[DATA SHOWN Boundary: Start]

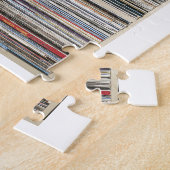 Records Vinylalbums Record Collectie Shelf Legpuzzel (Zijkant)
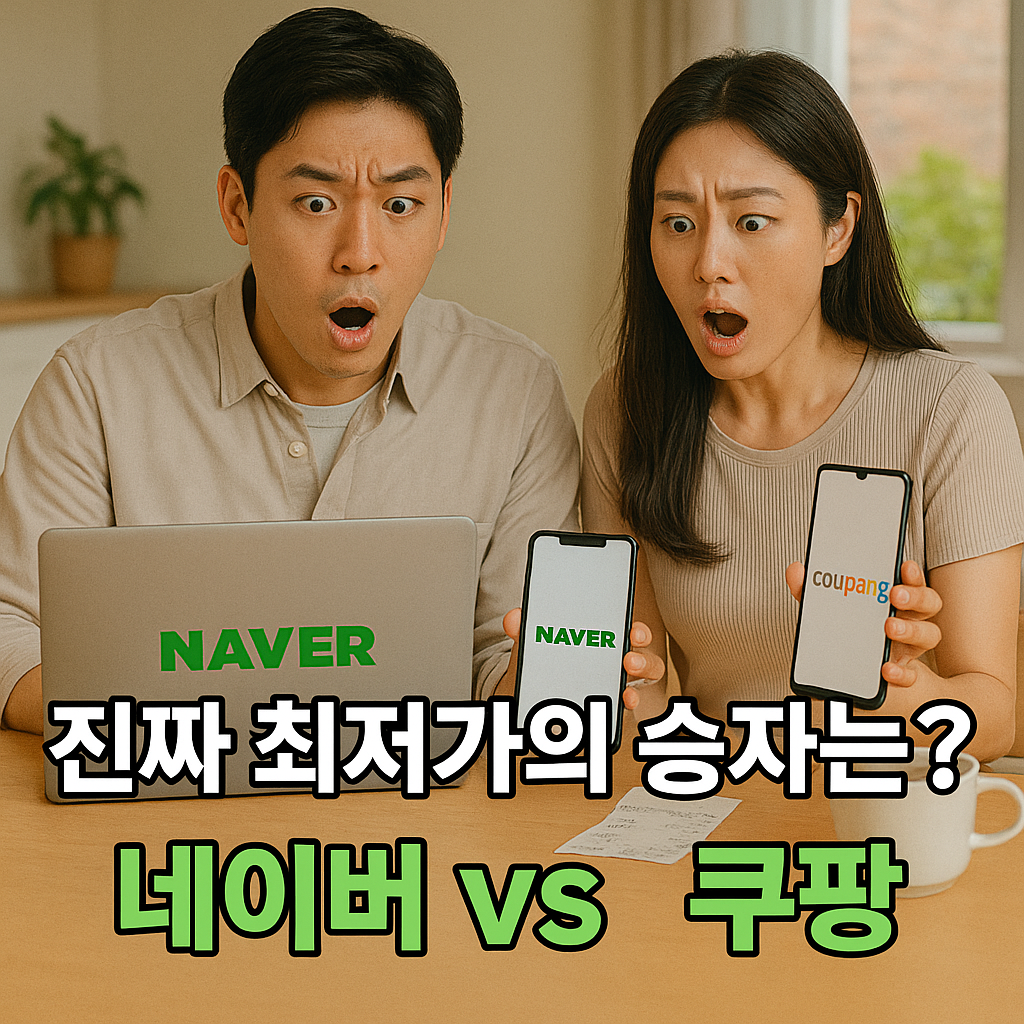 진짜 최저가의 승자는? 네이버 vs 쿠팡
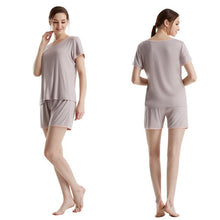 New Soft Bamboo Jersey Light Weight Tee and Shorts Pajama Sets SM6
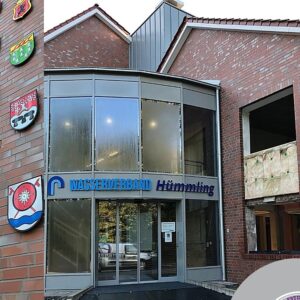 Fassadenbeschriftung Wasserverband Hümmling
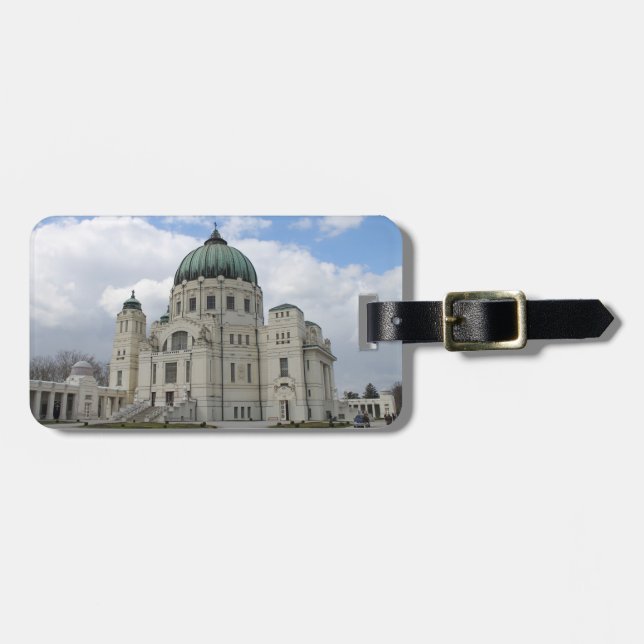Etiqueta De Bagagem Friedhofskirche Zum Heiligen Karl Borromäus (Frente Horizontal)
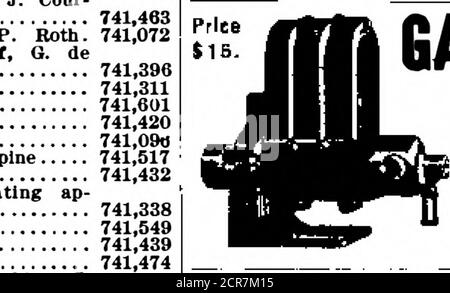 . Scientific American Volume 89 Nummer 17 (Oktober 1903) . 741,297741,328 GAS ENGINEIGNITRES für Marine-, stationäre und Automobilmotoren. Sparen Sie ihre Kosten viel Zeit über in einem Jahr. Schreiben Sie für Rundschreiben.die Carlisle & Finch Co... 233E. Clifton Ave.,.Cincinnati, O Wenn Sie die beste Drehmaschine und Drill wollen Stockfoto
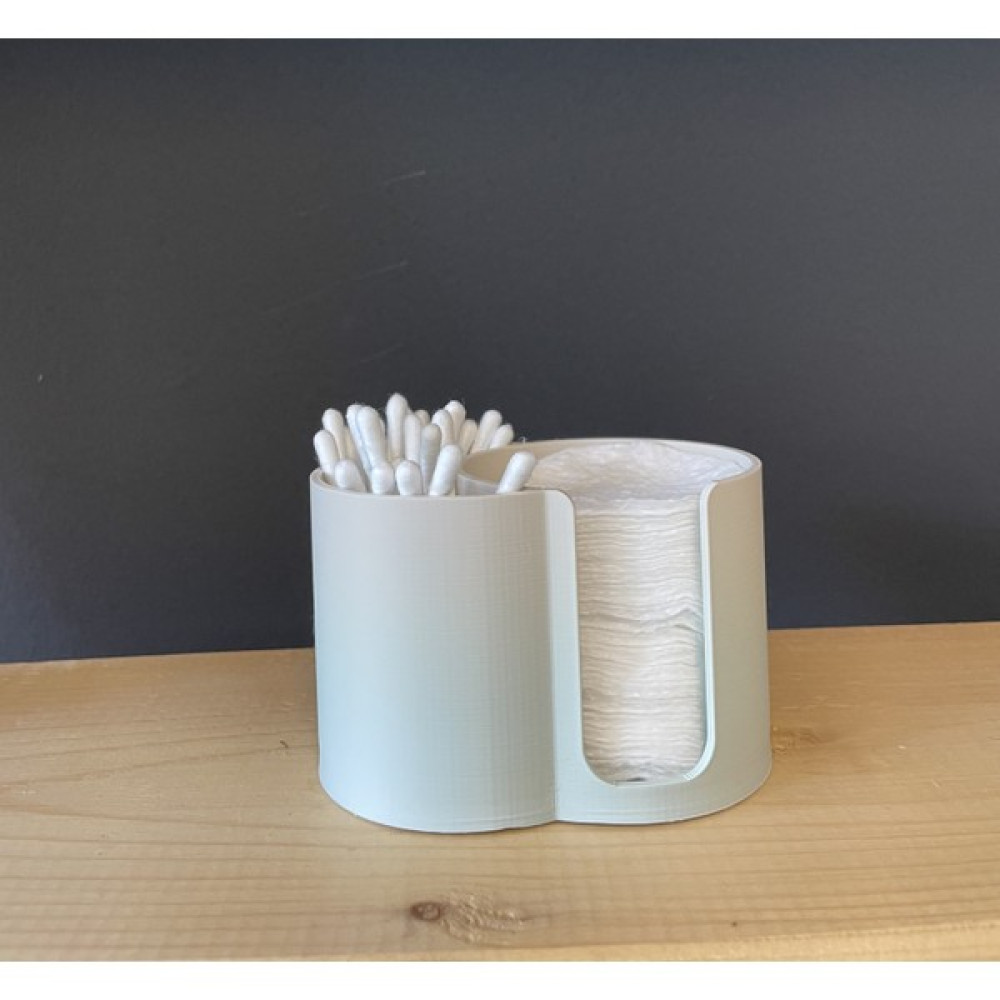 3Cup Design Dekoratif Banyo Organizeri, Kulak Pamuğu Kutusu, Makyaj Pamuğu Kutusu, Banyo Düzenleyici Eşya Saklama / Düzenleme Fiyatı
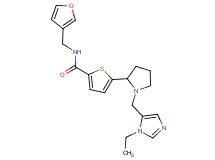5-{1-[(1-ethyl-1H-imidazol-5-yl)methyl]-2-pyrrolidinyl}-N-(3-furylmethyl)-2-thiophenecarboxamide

[DATA SHOWN Boundary: End]
[DATA SHOWN Boundary: Start]

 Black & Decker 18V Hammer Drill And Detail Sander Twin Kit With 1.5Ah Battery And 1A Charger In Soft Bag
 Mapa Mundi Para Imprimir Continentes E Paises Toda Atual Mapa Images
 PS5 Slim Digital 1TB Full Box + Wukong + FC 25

[DATA SHOWN Boundary: End]

=== ASSIGNMENT ===
Using the entries above, repeat exactly the lines from the one with "Records Vinylalbums Record" to the one with "Etiqueta De Bagagem", both included, and leave the pictures behind.

=== WRITTEN REPLY ===
 Records Vinylalbums Record Collectie Shelf Legpuzzel (Zijkant)
 진짜 최저가의 승자는? 네이버 vs 쿠팡
 New Soft Bamboo Jersey Light Weight Tee and Shorts Pajama Sets SM6
 Fassadenbeschriftung Wasserverband Hümmling
Etiqueta De Bagagem Friedhofskirche Zum Heiligen Karl Borromäus (Frente Horizontal)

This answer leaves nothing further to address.